Israeli scholars use artificial intelligence to translate Akkadian
Experts from Tel Aviv University and Ariel University have created a program to translate an ancient language that is difficult to decipher, allowing automatic and accurate translation from cuneiform characters into English. It is an example of human-machine collaboration in an area with few human experts. Hundreds of thousands of tablets are still inaccessible.
Tel Aviv (AsiaNews) – A group of Israeli researchers from Tel Aviv University and Ariel University have developed an artificial intelligence model to translate into modern English texts in Akkadian, an ancient language written in cuneiform, an often painstaking task hitherto performed by historians, linguists and translators.
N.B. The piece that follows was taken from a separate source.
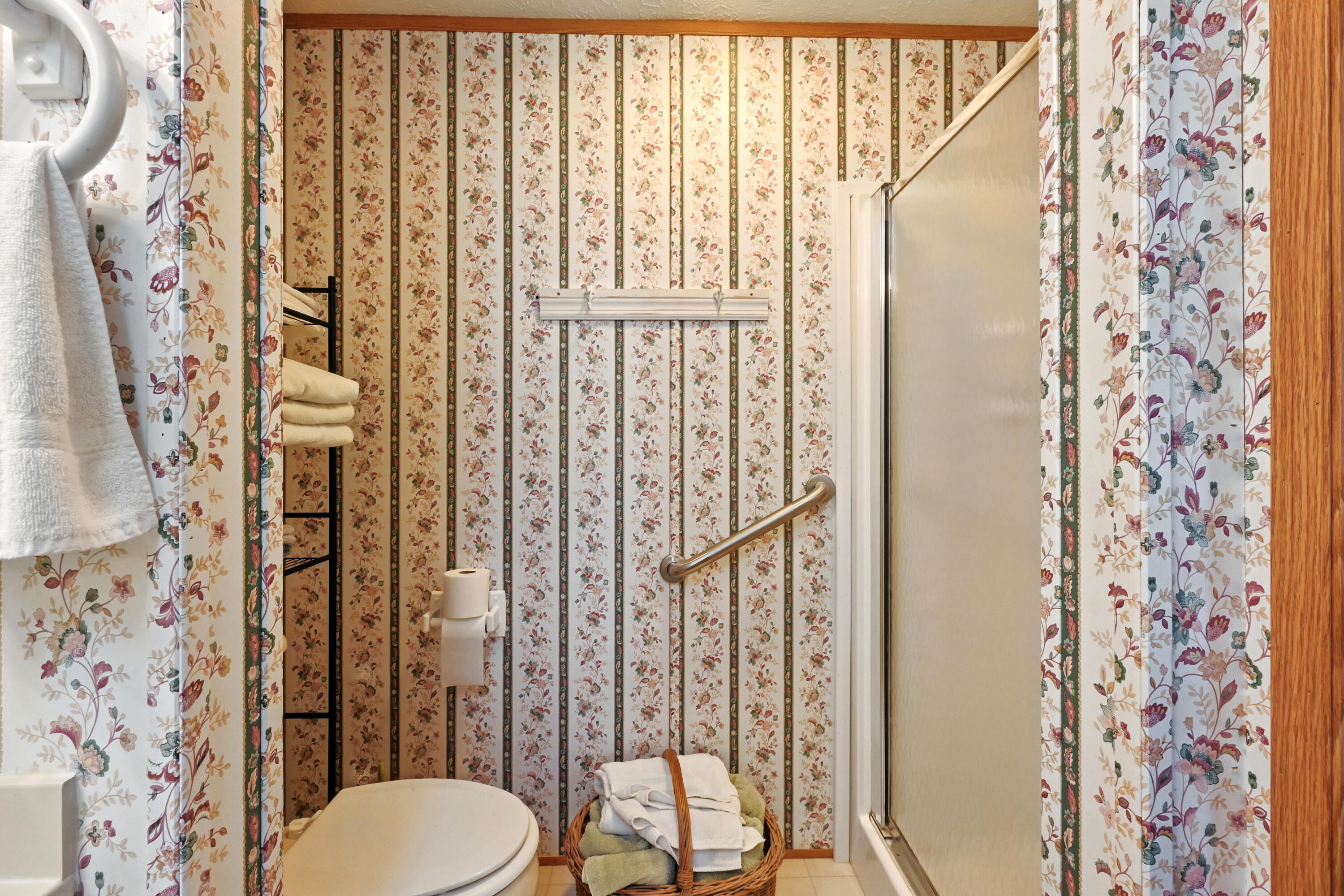 16 Garden Way Augusta ME 04330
Experts in Assyriology, who specialise in the archaeological, historical, cultural and linguistic study of ancient Mesopotamia, have spent years trying to decipher texts in cuneiform, one of the oldest-known forms of writing.
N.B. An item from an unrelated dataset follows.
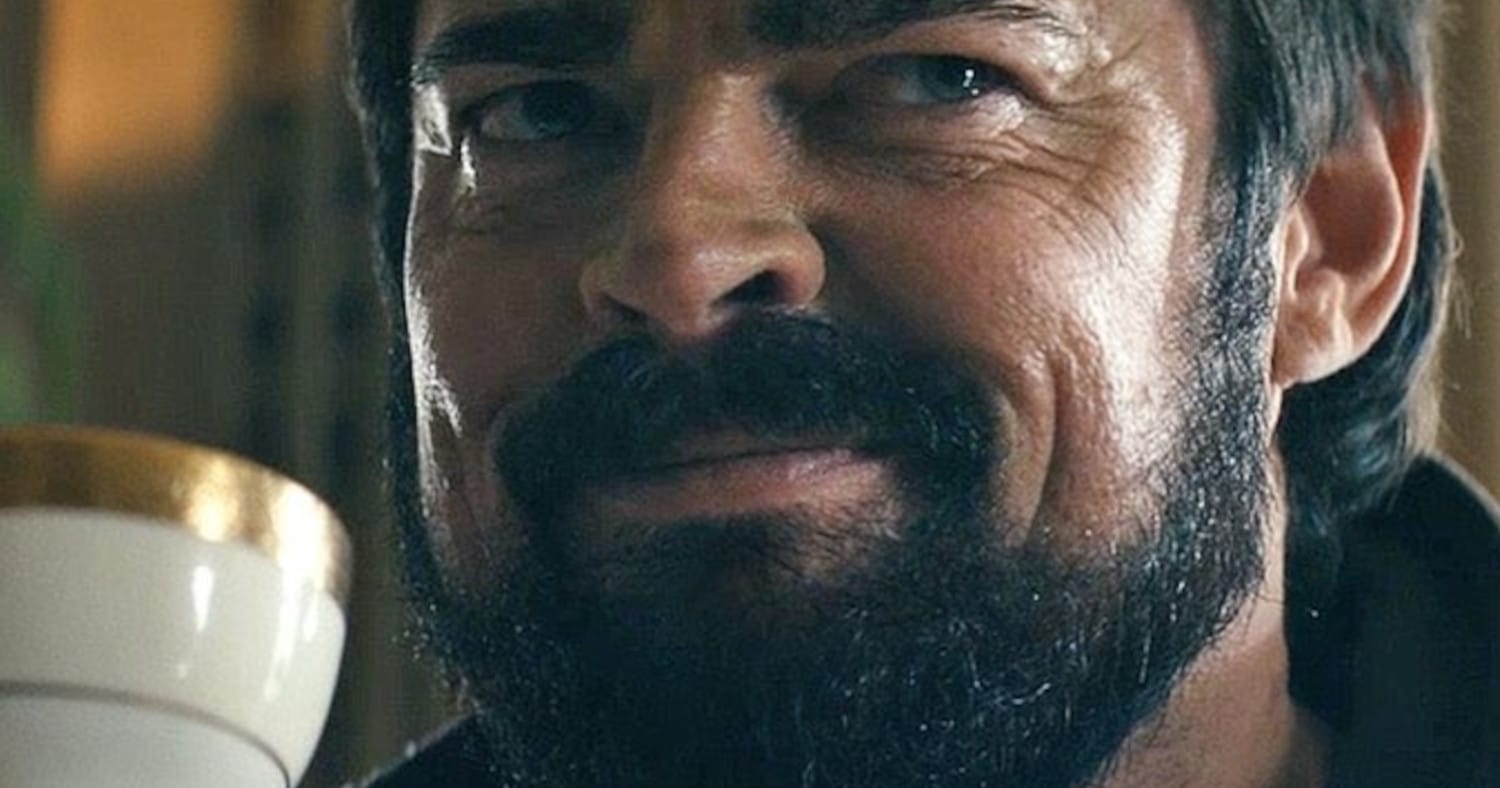 The Boys Season 4 Trailer Is Here Full Of Madness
Cuneiform means wedge-shaped because the language was written by making a wedge-shaped mark on a clay tablet.
Spoken in ancient Mesopotamia (modern-day Iraq), Akkadian was an Eastern Semitic language used in particular by the Assyrians and Babylonians. It is the oldest known Semitic language, based on a writing system first used by the Sumerians.
The language takes its name from Akkad, the capital of the Akkadian Empire founded by King Sargon. The city was the largest of its time although no traces have been left.
Over the decades, archaeologists have found hundreds of thousands of clay tablets written in cuneiform, dating as far back as 3,400 BC, far more than scholars who can understand and translate them can handle.
Shai Gordin of Ariel University, Jonathan Berant and Omer Levy of TAU, along with others recently shared the fruits of their studies in the peer-reviewed journal PNAS Nexus in an article titled "Translating Akkadian to English with neuronal machine translation”.
During the design phase, two versions of the machine-learning versions model were developed, one that translated Akkadian from cuneiform signs into Latin alphabet and another from Unicode representations of cuneiform signs.
The first, using Latin transliteration, gave the best results, scoring 37.47 in the Best Bilingual Evaluation Understudy 4 (BLEU4), which assesses the correspondence between human and machine translation of the same text.
The program proved particularly effective translating short sentences of 118 or fewer characters. But it also produced “hallucinations" (syntactically correct but inaccurate text).
The program could prove particularly useful in the first phase of translation, in “human-machine collaboration” leaving humans the task of correcting and refining the model’s output.
Cuneiform manuscripts covering the political, social, economic, and scientific life of ancient Mesopotamia number in their hundreds of thousands; yet, “most of these documents remain untranslated and inaccessible due to their sheer number and the limited quantity of experts able to read them."
Translation, the paper says, is “a complex process, since it commonly requires not only expert knowledge of two different languages but also different cultural milieus.”
With this in mind, "Digital tools can assist” through “optical character recognition (OCR) and machine translation.”
All said, ancient languages remain a great challenge. “Their reading and comprehension require knowledge of a long-dead linguistic community, and moreover, the texts themselves can also be very fragmentary."
18/01/2005